### Data section
---+---
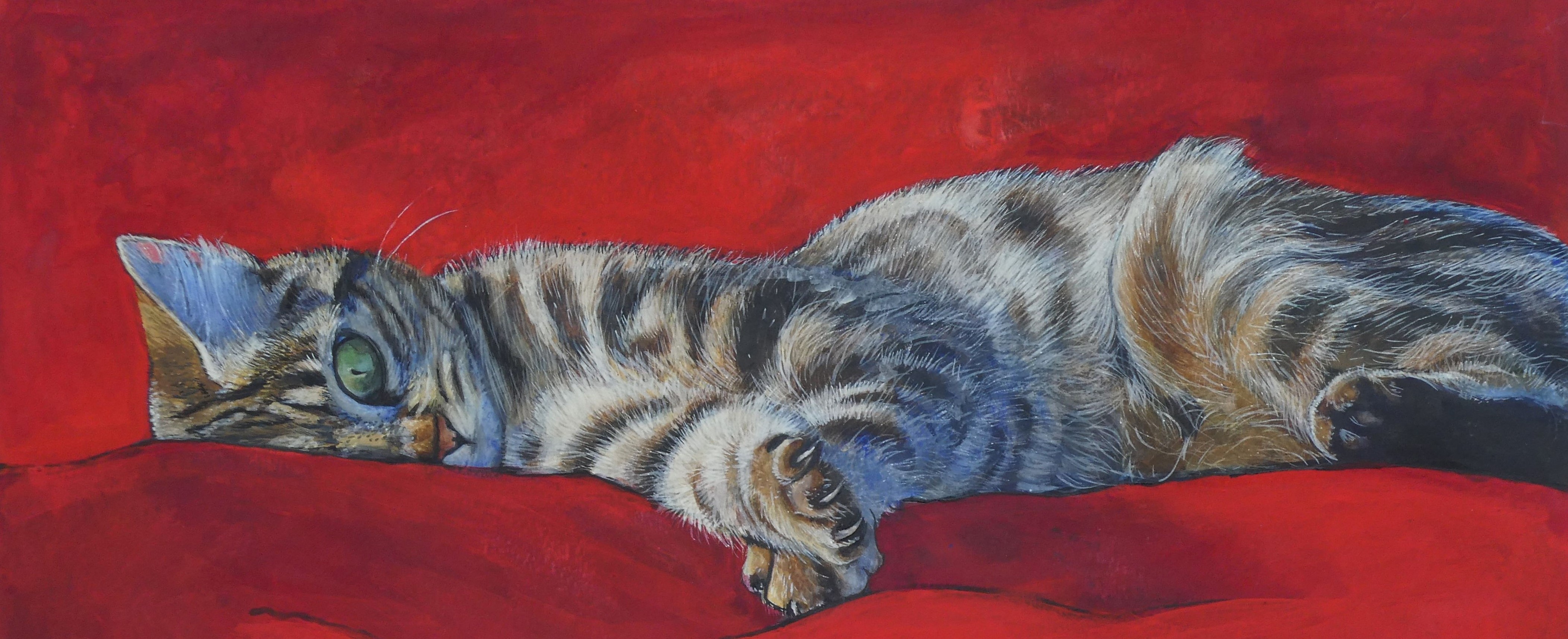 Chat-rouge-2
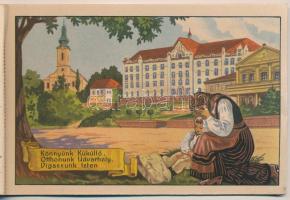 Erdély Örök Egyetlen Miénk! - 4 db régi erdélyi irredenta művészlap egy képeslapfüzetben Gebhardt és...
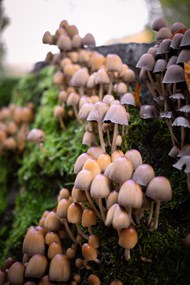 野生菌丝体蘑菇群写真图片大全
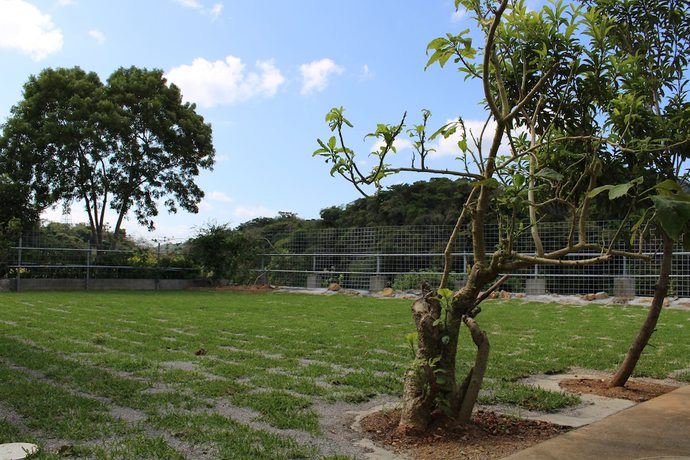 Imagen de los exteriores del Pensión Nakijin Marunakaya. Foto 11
---+---
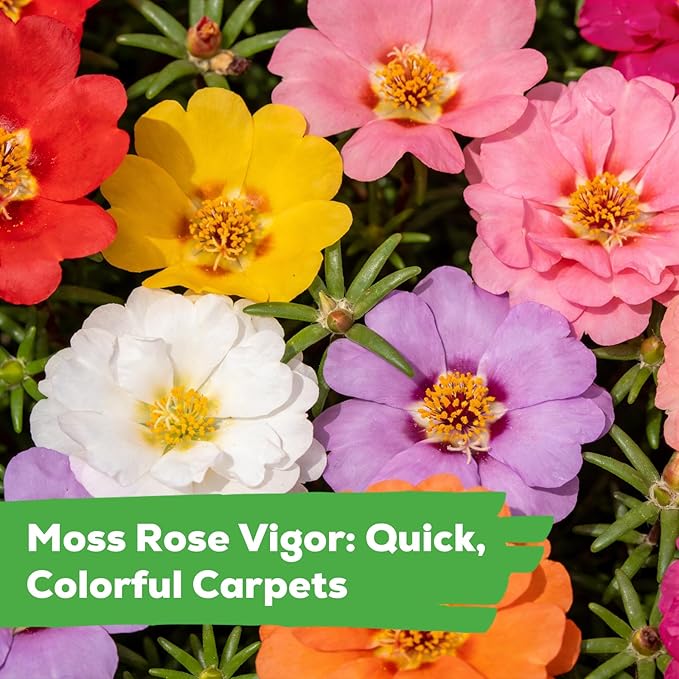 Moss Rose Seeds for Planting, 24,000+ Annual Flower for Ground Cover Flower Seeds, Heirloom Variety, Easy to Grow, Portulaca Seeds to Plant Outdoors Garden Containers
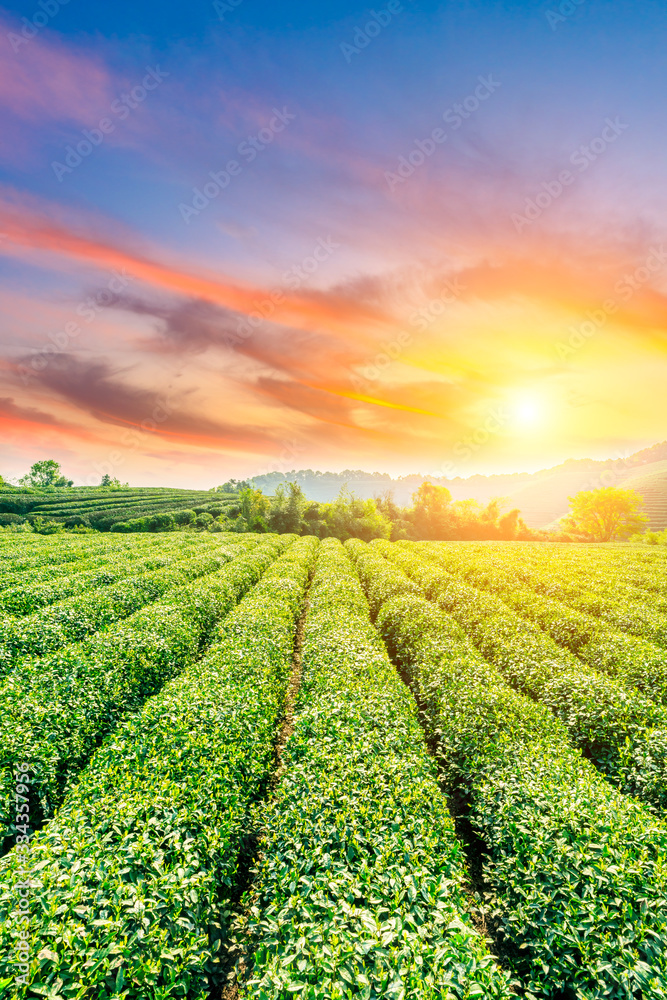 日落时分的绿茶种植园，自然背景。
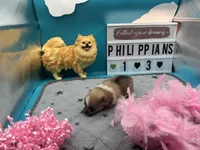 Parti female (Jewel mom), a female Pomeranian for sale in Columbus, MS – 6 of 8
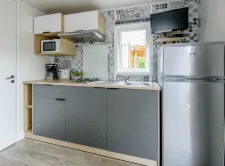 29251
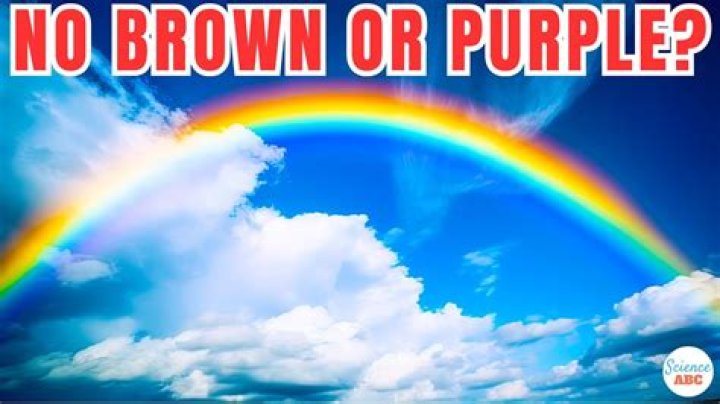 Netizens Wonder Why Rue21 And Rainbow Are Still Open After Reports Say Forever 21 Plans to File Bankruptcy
---+---
### Brief
Copy the lines above exactly, starting at the one with "Erdély Örök Egyetlen" and ending at the one with "Imagen de los", both included. Leave out any pictures and add nothing else.

### Answer box
 Erdély Örök Egyetlen Miénk! - 4 db régi erdélyi irredenta művészlap egy képeslapfüzetben Gebhardt és...
 野生菌丝体蘑菇群写真图片大全
 Imagen de los exteriores del Pensión Nakijin Marunakaya. Foto 11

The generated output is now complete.